The Leaves Let Go

April opens the door to spring. It’s the month when the Great Silent Voice speaks: “Time’s up, release without remorse and make way for the new.”

Nature has a different set of rules for the live oaks that canopy the islands of coastal Georgia. They’re programmed to shed their leaves in spring, not November. It disguises our winters. We like that.

But now, last year’s leaves have run their course. Their grip on the Great Mother oak relaxes. One by one, without complaint or coaxing, they begin their short but final journey ‘home.’ Mission accomplished, job completed. Now freed from their work, the transients collectively head south for their permanent retirement.

The enormous oak Titans suddenly stand naked and exposed. But only for a few days. Their spindly skeletons stretch skyward, communing with the winds. Redwing blackbirds give stark contrast to the sky as they bark orders from the barren branches.

Sunlight shines profusely on the warm ground below. The Great Silent Voice speaks again, “Make haste, my small children.” The vegetation undergrowth below immediately springs into life. Somehow it knows its hour in the sun will be short.

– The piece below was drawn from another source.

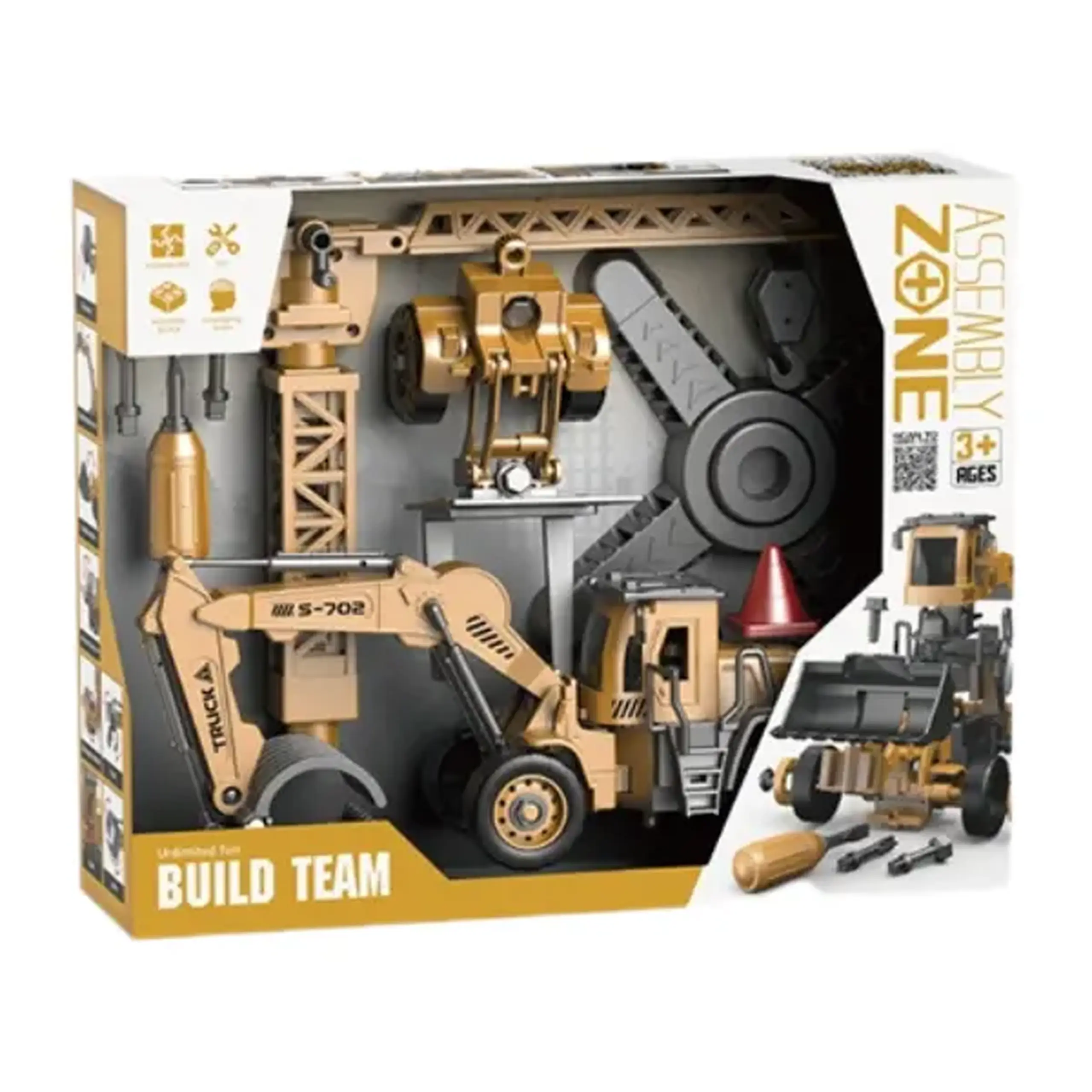 Set de joacă "Tehnică de construcție" 2 în 1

Nature is consistent, operating a tightly organized process of life. It makes all appointments on time. Hard on the heels of the leaves’ departure, small green hints of life, barely visible to the eye, begin incipient life. Almost overnight the oaks emerge fully clothed, bathed in a verdant wardrobe.

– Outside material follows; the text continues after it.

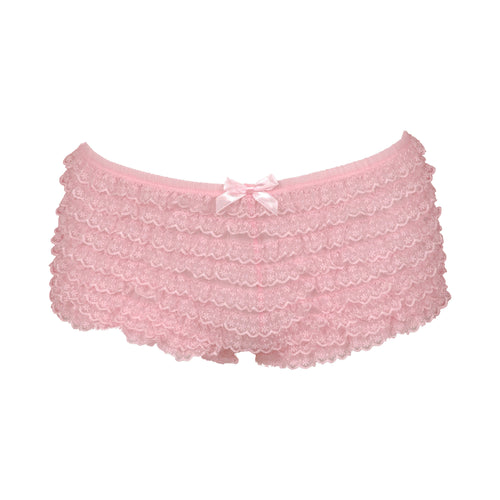 Baby Pink Ruffled Bloomers (Boyshorts)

In a short time, the fallen leaf carpet becomes compost. The Voice speaks softly to these fallen workers, “Sleep on, you have served well. It’s time for another to bear the burden. For you to cling beyond your appointed time would render you a dull, lusterless relic of the past, an antique of a bygone season.”

Leaves listen, never argue. They instinctively know that new life requires them to move on. They’re innately schooled in photosynthesis, knowing that when their green morphs to brown, their ability to synthesize food is terminally impaired. They’ve become useless. Unlike some politicians, they know when to say, “Enough.”

Oak leaves don’t think. But if they could, would they have a self-esteem problem? Would they look around and see billions of other leaves and say, “O, of what value am I, just one among so many, and a little one at that?”

And if the Mother Tree could answer, it might say, “If not for each of you, I could not exist.” Is this answer sufficient to solve low self-esteem? One wonders. After all, there is a time and a season for everything.

Perhaps to assuage the hearts of the fallen leaves, the Titan might say, “Consider the acorns, my children. They also have to let go, to drop, to die. Somehow they’re programmed to know that there’s a squirrel waiting to bury them so they can again take root downward and bear fruit upward. Trust me, My ways are perfect.”

The March breezes carry the whisper of the Great Silent Voice as it speaks tender assurances to the leaves. “As you were not anxious in the day of your birth, be not anxious in the day of your demise. Well done, good and faithful leaves.”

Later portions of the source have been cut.